Trigonometric functions of the acute angle Find the other five trigonometric functions of the acute angle A, given that:
\begin{align}
&\text{a)}\ \ \sec A = 2  \\[15pt]
&\text{b)}\ \ \cos A = \frac{m^2 - n^2}{m^2 + n^2}
\end{align}
Help me. I don't know how to solve this one. Thanks.
 A: It is useful to know at least some basic trigonometric identities. See List of trigonometric identities at Wikipedia for a very complete list.

a) Since $\cos A=\frac1{\sec A}$, you get $\cos A=\frac12$. Can you get possible values of $A$ from there?

b) If $$\cos A=\frac{m^2-n^2}{m^2+n^2}=\left(\frac m{\sqrt{m^2+n^2}}\right)^2-\left(\frac n{\sqrt{m^2+n^2}}\right)^2,$$ then for an angle $B$ such that $\cos B=\frac m{\sqrt{m^2+n^2}}$ and $\sin B=\frac m{\sqrt{m^2+n^2}}$ you get $$\cos A=\cos^2B-\sin^2B=\cos2B.$$ Maybe this could help to express $A$ using $B$. You should be able to find $B$ using some inverse trigonometric functions. Double angle formulae should help you to get the values of $\sin A$, $\tan A$, etc for $A=2B$. (You should also think about the possibility $A=-2B$. Do you know why?)
A: for case a)
$$\sec A = 2$$
$$\cos A=\frac{1}{\sec A}=\frac{1}{2}$$
$$\sin A=\sqrt{1-\cos^2A}=\sqrt{1-\frac{1}{4}}=\frac{\sqrt{3}}{2}$$
$$\tan A=\frac{\sin A}{\cos A}=\sqrt 3$$
$$\operatorname{cotg} A=\frac{1}{\tan A}=\frac{1}{\sqrt 3}$$
and for b) follow Martin Sleziak
A: Honestly, I suspect that equation b is a red herring.
\begin{align}
\cos{A}
&=\frac{1}{\sec{A}}\\
&=\frac{1}{2}
\end{align}
\begin{align}
\sin{A}
&=\sqrt{1-\cos^2{A}}\\
&=\frac{\sqrt{3}}{2}
\end{align}
\begin{align}
\tan{A}
&=\frac{\sin{A}}{\cos{A}}\\
&=\sqrt{3}
\end{align}
\begin{align}
\csc{A}
&=\frac{1}{\sin{A}}\\
&=\frac{2}{\sqrt{3}}\\
\end{align}
\begin{align}
\cot{A}
&=\frac{1}{\tan{A}}\\
&=\frac{1}{\sqrt{3}}\\
\end{align}
A: $$\sec A = 2$$
using an uncommon Pythagorean Identity$\dots$
$$\sec^2A+\csc^2A=\sec^2A\csc^2A$$
$$\csc^2A = \frac{\sec^2A}{\sec^2A-1}=4/3\therefore\csc A=2/\sqrt{3}$$
This allows us to build this right triangle.

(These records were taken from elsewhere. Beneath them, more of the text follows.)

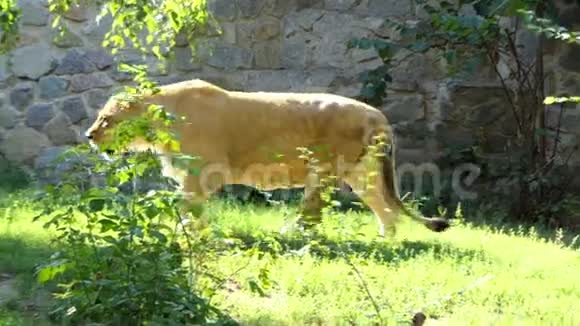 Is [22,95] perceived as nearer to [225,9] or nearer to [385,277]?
[225,9]

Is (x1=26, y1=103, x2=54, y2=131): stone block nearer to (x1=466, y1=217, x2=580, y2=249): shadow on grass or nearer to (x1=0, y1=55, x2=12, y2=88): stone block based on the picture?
(x1=0, y1=55, x2=12, y2=88): stone block

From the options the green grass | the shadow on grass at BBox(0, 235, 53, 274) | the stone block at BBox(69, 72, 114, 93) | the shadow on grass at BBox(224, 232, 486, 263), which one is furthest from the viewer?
the stone block at BBox(69, 72, 114, 93)

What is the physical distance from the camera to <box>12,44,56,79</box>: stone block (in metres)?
10.1

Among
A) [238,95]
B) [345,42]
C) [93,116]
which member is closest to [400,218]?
[238,95]

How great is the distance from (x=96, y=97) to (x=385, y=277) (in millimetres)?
5115

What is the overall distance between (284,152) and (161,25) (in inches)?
56.1

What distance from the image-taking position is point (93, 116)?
33.0 feet

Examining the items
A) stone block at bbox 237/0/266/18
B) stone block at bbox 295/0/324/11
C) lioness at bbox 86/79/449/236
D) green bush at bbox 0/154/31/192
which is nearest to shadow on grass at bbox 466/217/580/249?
lioness at bbox 86/79/449/236

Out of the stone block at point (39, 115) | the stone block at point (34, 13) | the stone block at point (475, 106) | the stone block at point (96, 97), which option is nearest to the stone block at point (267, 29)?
the stone block at point (96, 97)

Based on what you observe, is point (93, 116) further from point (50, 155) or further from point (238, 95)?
point (238, 95)

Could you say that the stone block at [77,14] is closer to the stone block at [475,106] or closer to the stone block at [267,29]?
the stone block at [267,29]

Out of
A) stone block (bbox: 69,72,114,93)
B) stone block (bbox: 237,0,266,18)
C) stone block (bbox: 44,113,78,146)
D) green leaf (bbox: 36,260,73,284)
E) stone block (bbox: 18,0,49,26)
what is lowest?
green leaf (bbox: 36,260,73,284)

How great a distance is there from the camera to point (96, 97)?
10062 millimetres

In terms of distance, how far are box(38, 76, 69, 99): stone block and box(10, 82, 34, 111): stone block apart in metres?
0.10
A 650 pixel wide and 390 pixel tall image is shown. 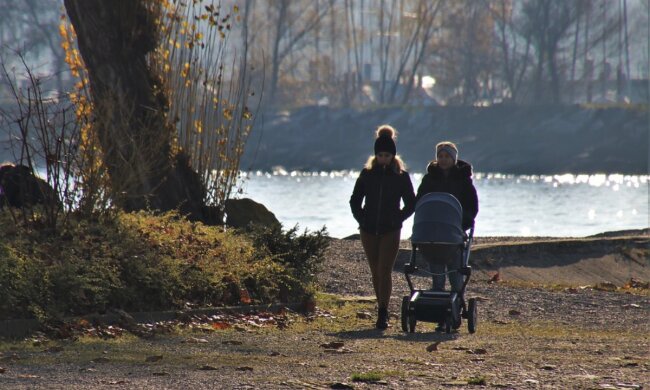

from the triangle with opposite, adjacent, and hypotenuse sides $2, 2/\sqrt{3}, 4/\sqrt{3}$ we have $\dots$
$$\sin A = \frac{\sec A}{\sec A\csc A}=\frac{1}{\csc A}=\sqrt{3}/2$$
similarly
$$\cos A = \frac{\csc A}{\sec A\csc A}=\frac{1}{\sec A}=1/2$$
lastly
$$\tan A = \frac{\sec A}{\csc A}=\frac{2}{2/\sqrt{3}}=\sqrt{3}$$
and
$$\cot A = \frac{\csc A}{\sec A}=\frac{2/\sqrt{3}}{2}=1/\sqrt{3}$$
A: I would assume that this is actually 2 different problems.
Try doing this:
Draw a right triangle, and assign values to 2 of the sides. In the case of $\sec A=2=\frac{2}{1}$, draw a triangle where the hypotenuse is 2 and the adjacent side is 1. Then use the Pythagorean theorem to find the other side (in this case it is $\sqrt{2^2-1^2}=\sqrt{3}$). You can then just read off the trigonometric values from the triangle.